Take Warren Buffett as an example. He was already a great investor but as his personal network grew so did the opportunity set for great investments. From Insecurity Analysis.
“Buffett’s huge network of knowledgeable and influential friends also has been a help along the way. Buffett has been an original thinker, but it cannot have hurt to discuss prospects for a television station with Tom Murphy, chat about a common investment with Laurence Tisch, or talk with Jack Byrne about insurance. ‘His network of mends has been very important,’ says broker Hayes.” Of Permanent Value, The Story of Warren Buffett
Warren Buffett’s investment in American Express after its salad oil scandal helped create the Warren Buffett mythology but it almost wasn’t. It was Buffett’s network that convinced him to hold onto his initial Amex investment and add more. A decent return turned into a phenomenal return and propelled Buffett into investing stardom.
via @TSOH_Investing
Lesson 5: Metcalfe’s Law
The utility of a personal computer would rise exponentially when it was hooked up to a network, they both agreed. Indeed, this insight came to be known as Metcalfe’s law: the value of a network rises with the square of the number of devices connected to it.

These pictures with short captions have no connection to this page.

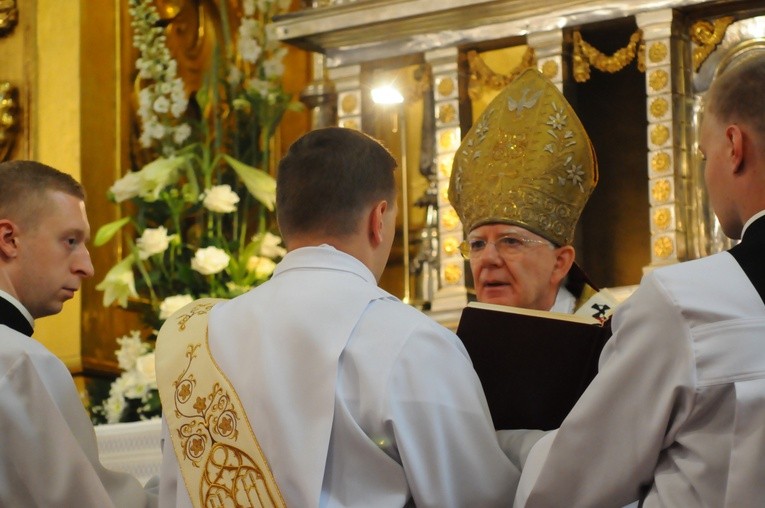 Święcenia kapłańskie w obiektywie Adama Wojnara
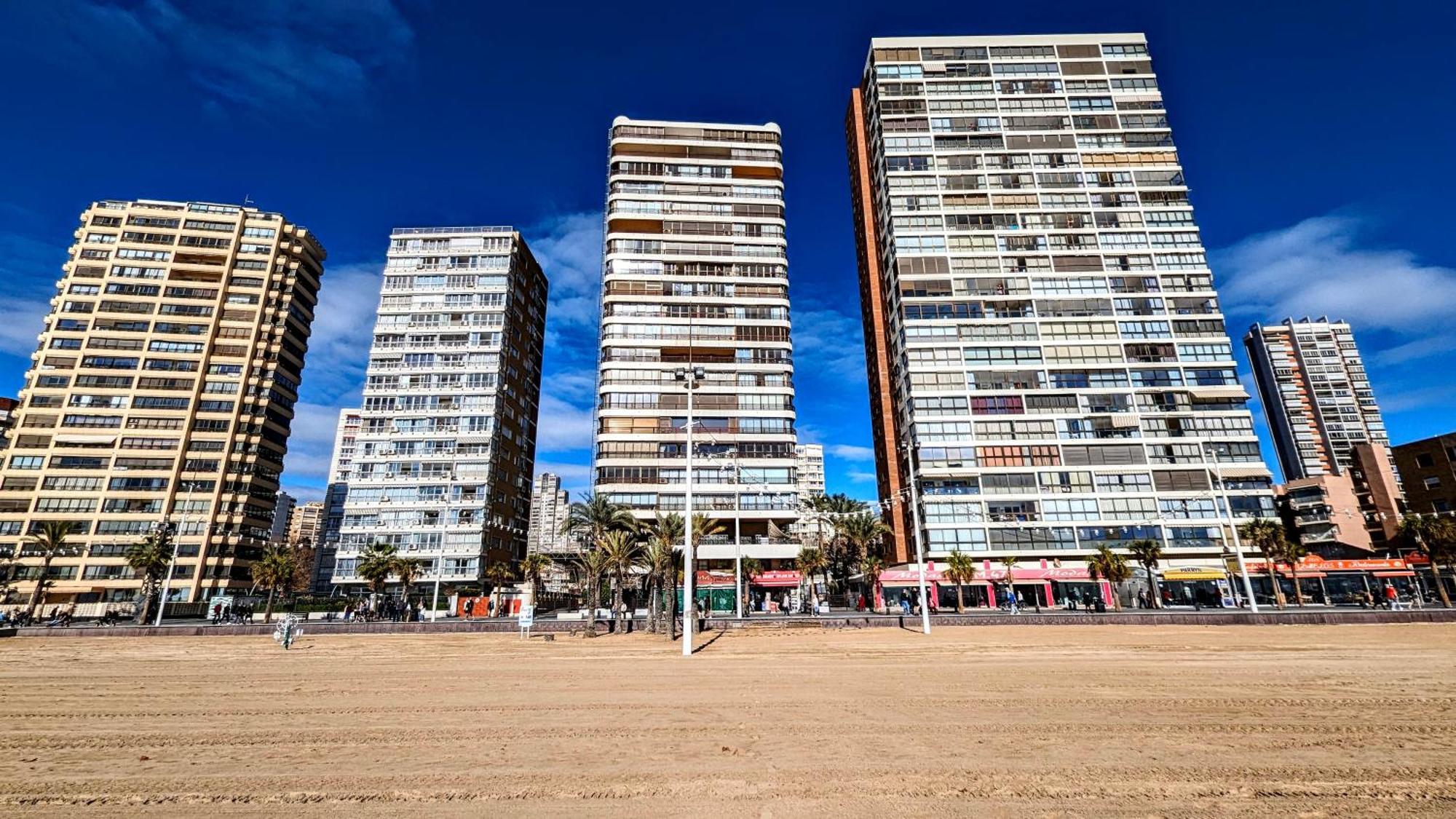 בנידורם Las Arenas Sea Front Apartments מראה חיצוני תמונה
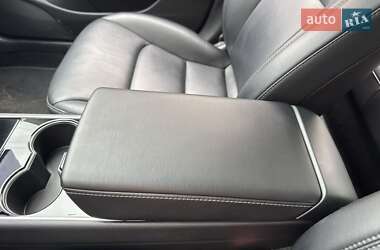Седан Tesla Model 3 2018 в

Companies with strong network effects can produce big gains like Visa and Mastercard.
Later in the book, we meet Bill Gurley, and he understood the power of Metcalfe’s law and the power of networks.
Before joining Benchmark, he [Bill Gurley] had been struck by the writings of Brian Arthur, a Stanford professor who studied network businesses. Companies that enjoyed network effects inverted a basic microeconomic law: rather than facing diminishing marginal returns, they faced increasing ones.

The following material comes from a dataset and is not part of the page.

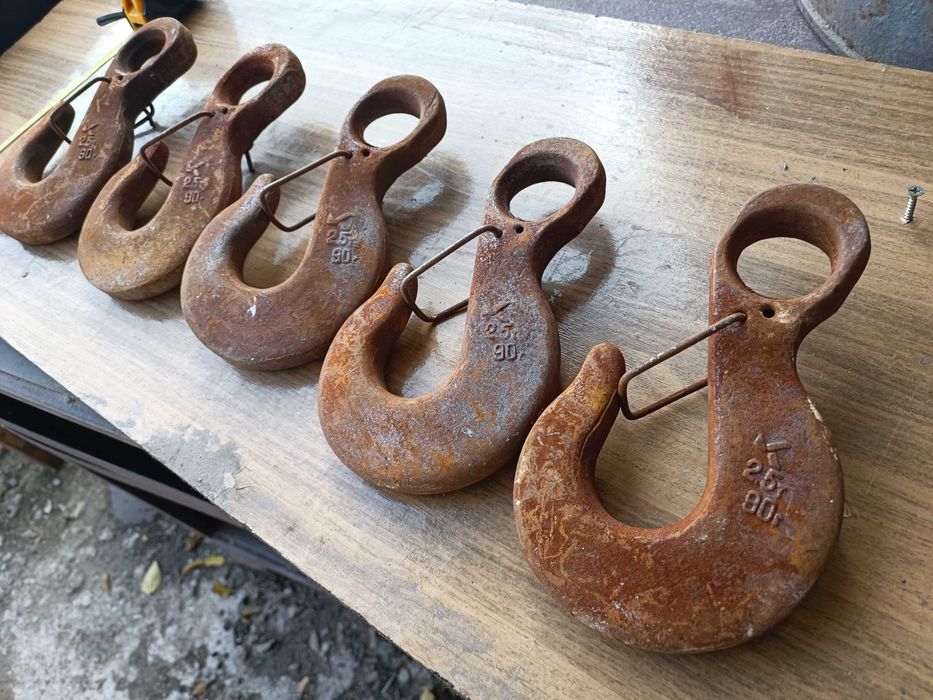 Крюк чалочный для тали, лебедки 2,5 т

In network businesses, contrariwise, the consumer experience improved as the network expanded, so producers could charge extra for their products. Moreover, the improving consumer experience was matched by falling production costs because of the economies of scale in building a network.

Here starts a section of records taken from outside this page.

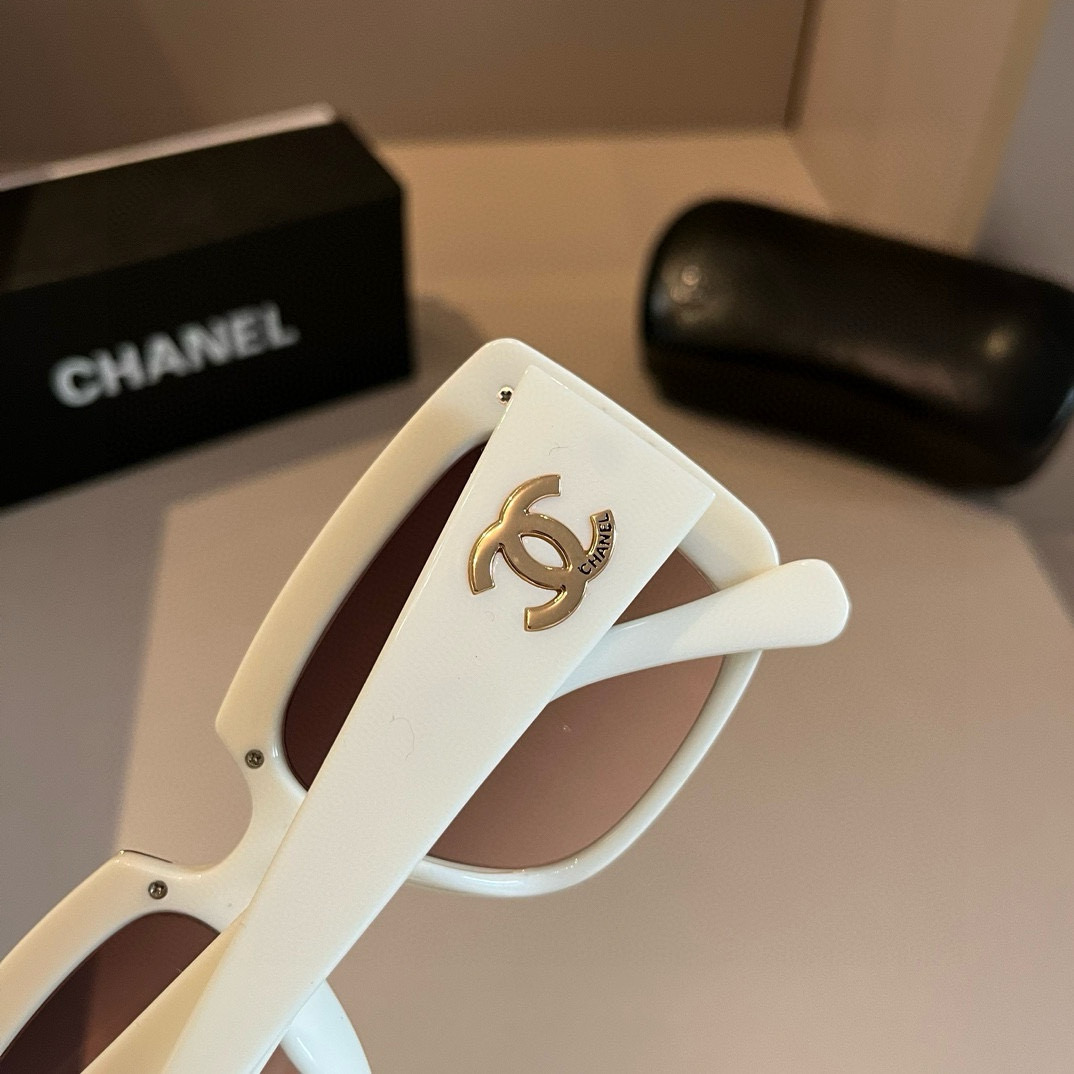 💰138&yen;

Chanel香奈儿名媛风太阳墨镜，遮阳开车必备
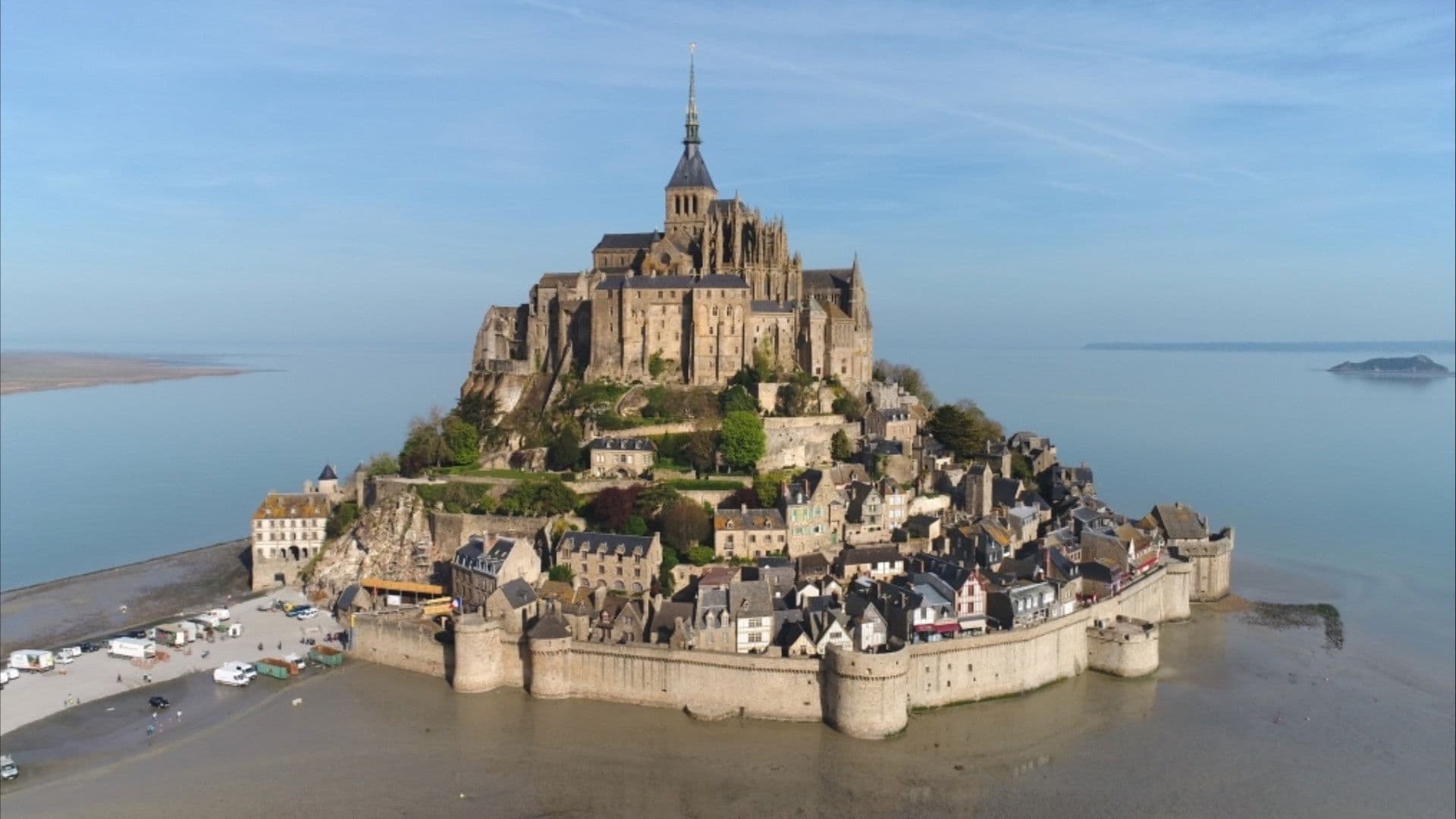 Poster backdrop for Mont Saint-Michel: The Enigmatic Labyrinth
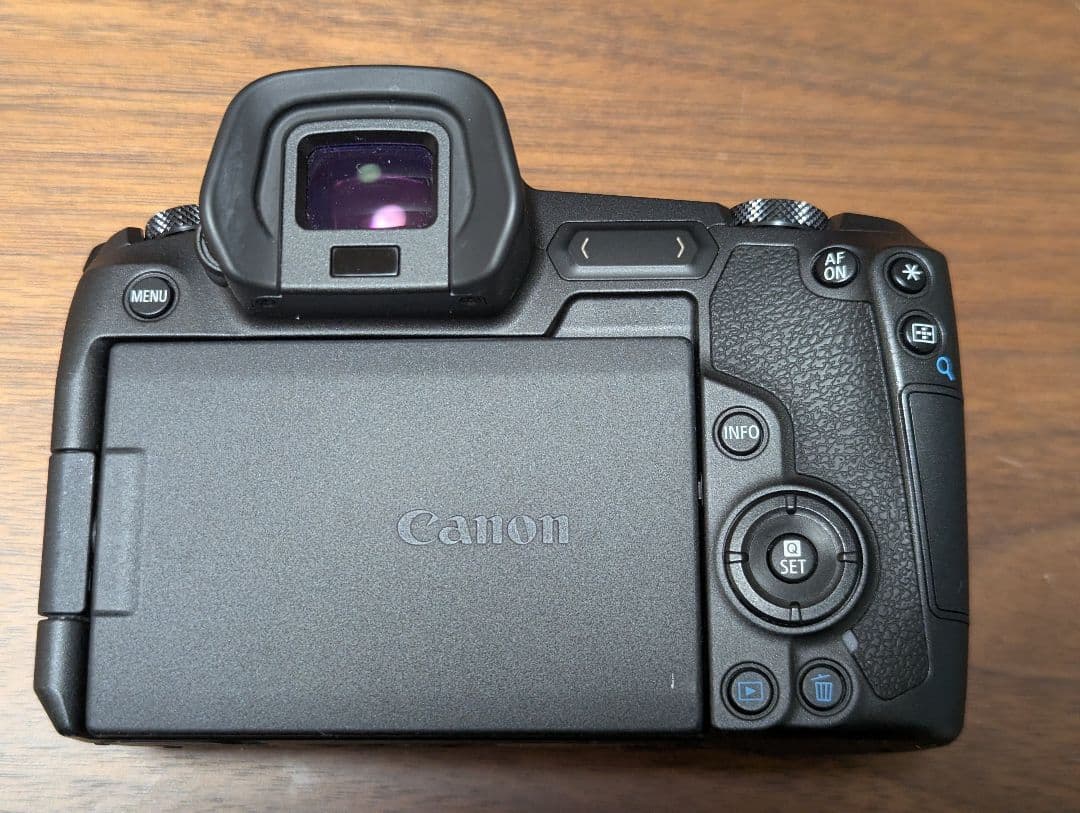 Canon EOS R フルサイズミラーレス一眼カメラ バッテリー2個おまけ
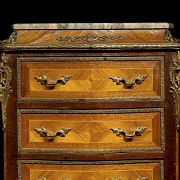 Chiffonier estilo Luis XV de madera y mármol, med. s.XX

Lesson 6: Don’t be Penny-wise but Pound-foolish.
everybody around the table remembered another one of Tom Perkins’s dictums: you succeed in venture capital by backing the right deals, not by haggling over valuations.
Sometimes the best companies look expensive now. But in 5-10 years because of their market opportunity and its competitive advantages, today’s price will look wildly cheap. Paying a fair price or slightly more for a great business is far better than missing out on a potential multi-bagger.
Lesson 7: Leave when Masayoshi Son Arrives
Son’s bid implied that Yahoo’s value had shot up eight times since his investment four months earlier. But the astonishing thing about his offer was the size of his proposed check: Silicon Valley had never seen a venture stake of such proportions.
Leveraging his new reputation as a digital Midas, he followed the Yahoo bonanza with a dizzying investment blitz, barely pausing to sort gems from rubbish. To borrow the language of hedge funds, he didn’t care about alpha—the reward a skilled investor earns by selecting the right stock. He cared only about beta—the profits to be had by just being in the market.
Besides, so long as the bull market continued, Son would earn more money than the venture old guard simply by deploying capital faster. He could spray capital at the unicorns without worrying about his aim. It was the old script all over again, except now he had a fatter hose to play with.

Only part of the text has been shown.